10 Mart 2014 Pazartesi

Benim Güzel Açık Ofisim!

Çalan telefonlar, oradan oraya koşuşan insanlar, yüksek sesli telefon görüşmeleri, çalışan faks makinesinin sesi, evde sorunlar yaşayan çalışma arkadaşının başına doluşan kalabalık, yayılan söylentiler, havasız diye söylenerek açılan pencere, odanın diğer tarafından soğuk oldu diye bağıranlar. Bütün bunlar size tanıdık geliyorsa, muhtemelen bir açık ofis çalışanısınız:)

Ne gariptir ki, evlerimizde artık daha az kişi ile yaşarken ve birbirimize daha uzakken, iş yerlerimizde açık ofislere doğru bir gidişat söz konusu. Eskiden kalabalık aileler bir göz odada yaşarken, şimdi bebeklikten itibaren ayrı odalarımız, sınırlarımız var. Fiziksel olarak bir arada olduğumuzda da aslında yakınımızdakinden çok sosyal ağlardaki uluslararası “connection”larımızla birlikteyiz ya, o ayrı.

Peki açık ofisler neden bu kadar popüler oldu? Bir kere çoğu şirket için daha ekonomik. Ayrı ayrı odalar ayrı ayrı maliyetler demek. Hem alan kullanımı, hem de elektrik, ısınma gibi ortak giderler açısından açık ofis maliyet avantajı sağlıyor. Öte yandan işbirliğini kolaylaştırdığı, reklam ajansları, pazarlama ajansları gibi yaratıcılık gerektiren işlerde kolaylık sağladığı varsayılıyor. Bireyler birbiriyle iletişim kurmak için bir birimden diğerine gitmek zorunda bile değil çoğu kez. Bu sayede hem çalışanların birbirine, hem de yöneticilerin çalışanlarla daha kolay iletişim kurabildiği düşünülüyor.

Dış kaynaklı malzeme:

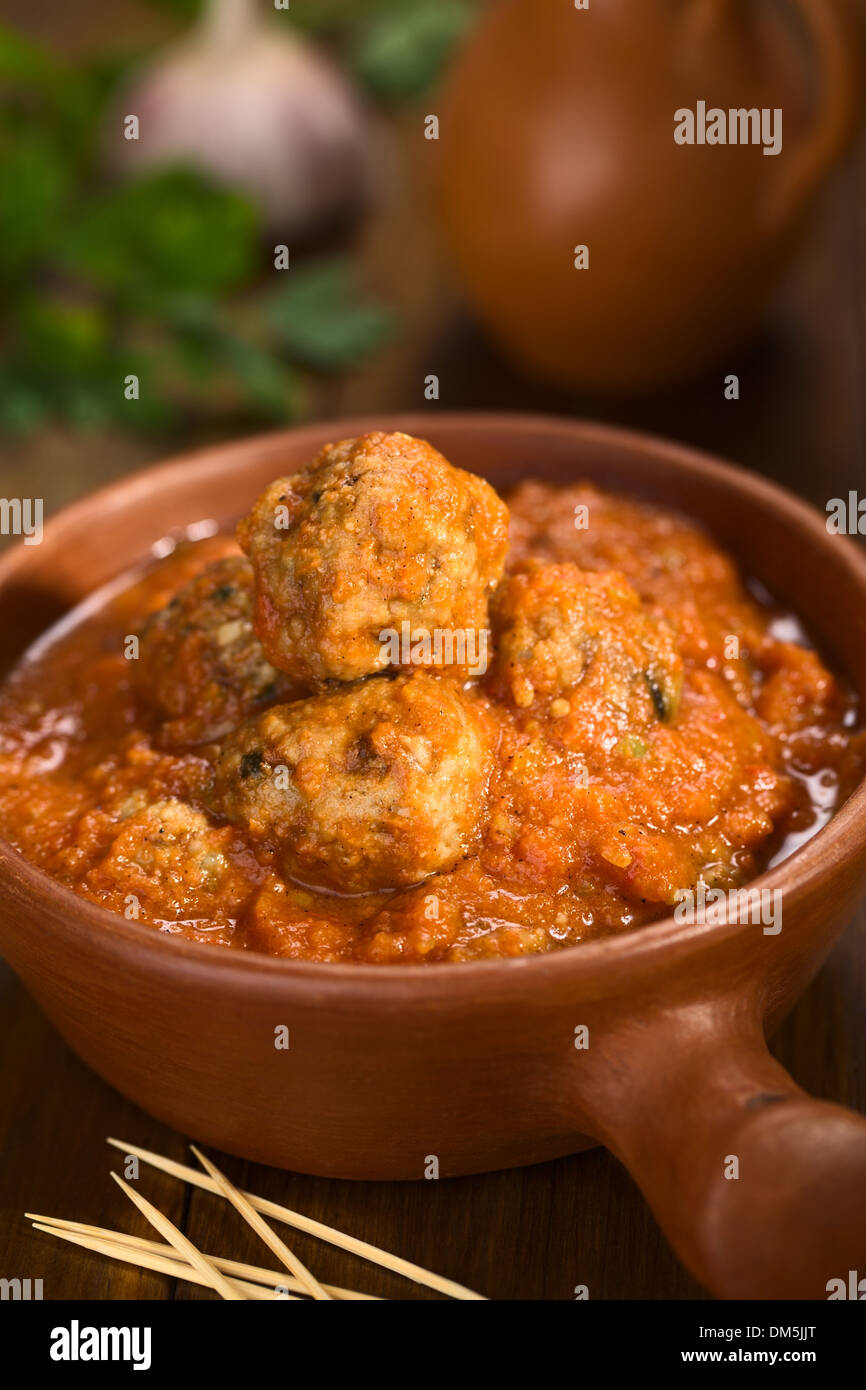 Spanish albondigas (meatballs) in tomato sauce in rustic bowl with toothpick in the front Stock Photo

Öte yandan, açık ofisin en büyük nimeti de külfeti de sağladığı “yoğun etkileşim alanı”. Açık ofislerde birinin sorunu herkesin sorunu olabiliyor, hatta birinin uykusu gelip esnese herkese yayılabiliyorJ Bu yüzden de bazen ortak paydada buluşmak zorlaşıyor. Başkalarının yaşamına ekstra özen göstermek ve empati kurmak gerekiyor. Özellikle gizliliğin önemli olduğu sektör ve mesleklerde kapalı ofisleri tercih etmek daha uygun olabiliyor.

Kuşkusuz içerisinde bulunan sektörün, yapılan işin, hatta çalışanların demografik ve kişisel özelliklerinin ideal çalışma ortamına etkisi var. Kimi çalışanlar yerinde duramaz, kapalı alana dayanamaz, yoğun iletişim ihtiyacı duyarken, kimileri de gürültüde konsantre olup verimli sonuçlar üretemiyor. Ne tarafından bakarsak bakalım, çalışma ortamımız verimliliğimizi, performansımızı, motivasyonumuzu etkileyen bir faktör olup çıkıyor.